Nowadays, he is preparing a thought-provoking problem on a specific type of supercomputer which has ability to support calculations of integers between 0 and (2^m-1) (inclusive).

As a young man born with ten fingers, he loves the powers of 10 so much, which results in his eccentricity that he always ranges integers he would like to use from 1 to 10^k (inclusive).

For the sake of processing, all integers he would use possibly in this interesting problem ought to be as computable as this supercomputer could.

Given the positive integer m, your task is to determine maximum possible integer k that is suitable for the specific supercomputer.

Input
The input contains multiple test cases. Each test case in one line contains only one positive integer m, satisfying 1≤m≤10^5.

Output
For each test case, output “Case #x: y” in one line (without quotes), where x indicates the case number starting from 1 and y denotes the answer of corresponding case.

Sample Input
1
64

Sample Output
Case #1: 0
Case #2: 19

这道题目的意思是：给出一个m,计算2^m-1有多少位数，m的取值范围是1~10^5.按常规方法计算肯定数值溢出，不管是double还是long long。因为这个数是指数级形式增长的，2的100000次方是一个天文数字。所以，不能直接计算。

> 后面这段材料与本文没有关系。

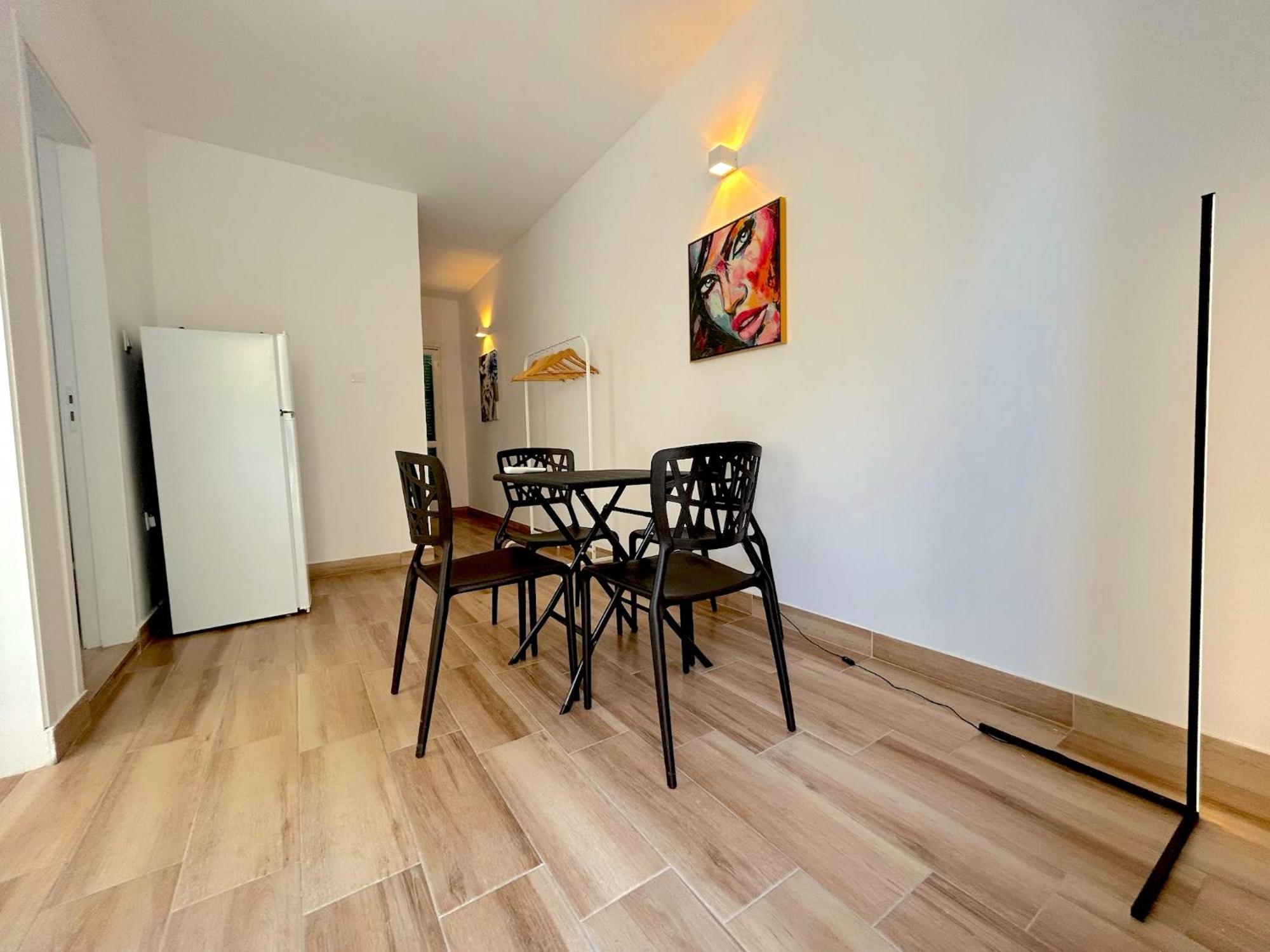 Queen Regina Suites By Platform 357 Никозия Екстериор снимка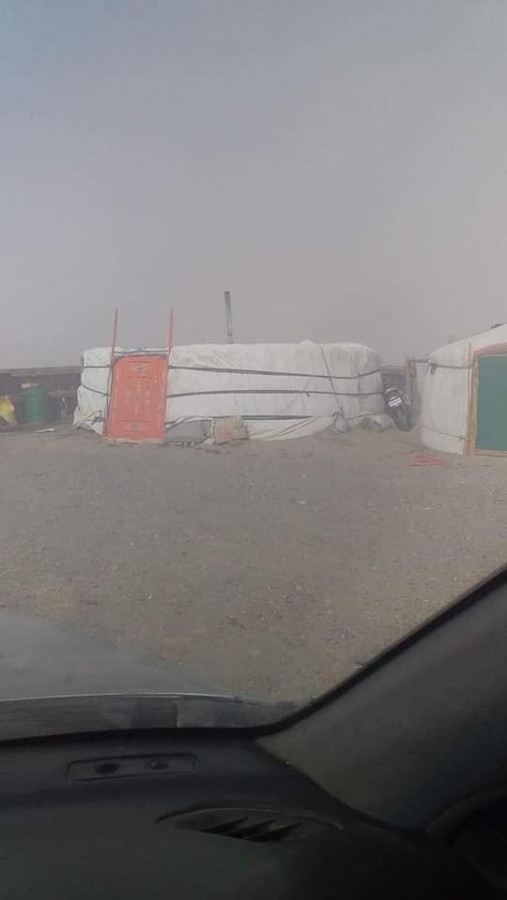 Ард иргэд та бүхнийг хүчтэй салхи шуурганы үеэр өндөр сонор сэрэмжтэй байхыг анхааруулж байна.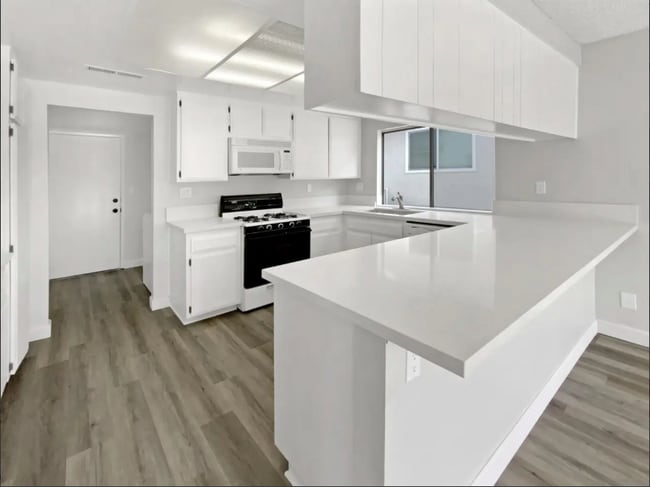 Foto del edificio - 5989 Chaumont Dr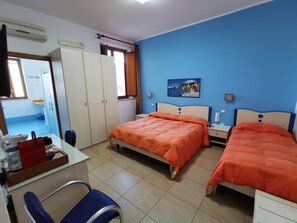 Chambre triple | Coffre-fort, bureau, fer et planche à repasser, lit de bébé (gratuit)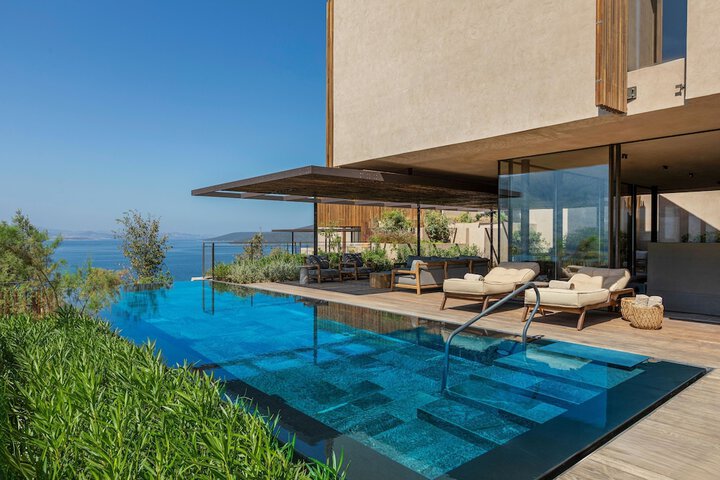 Pool 240 of 429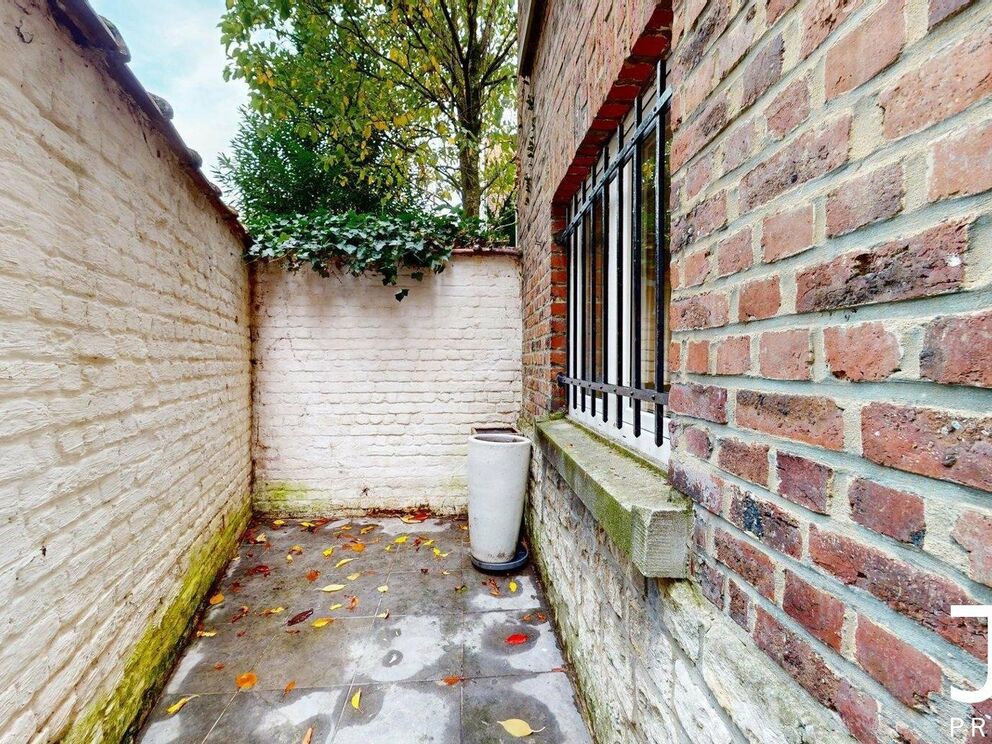 Apartment block for sale in Sint-Lambrechts-Woluwe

我的做法是对其取对数。公式 2^m >= 10^k ==>> k = log10 (2^m) == >> k=m * log10 (2)
这个k就是原来2^m的位数。

代码如下：

#include<iostream>
#include<cmath>

using namespace std;
/* *用公式k=log10 (2) * m 就可以求出，其中m是2的指数,k是要求的位数 */
int main()
{
    int  m = 0;
    int kase = 0;
    double s = log10(2);
    while (cin >> m && m) {
        double sum = m* s;
        cout << "Case #" << ++kase << ": " << (int)sum << endl;
    }
    return 0;
}

这是道水题，开赛2分钟就有人AC了，而那时候我才刚登录进去。。。。。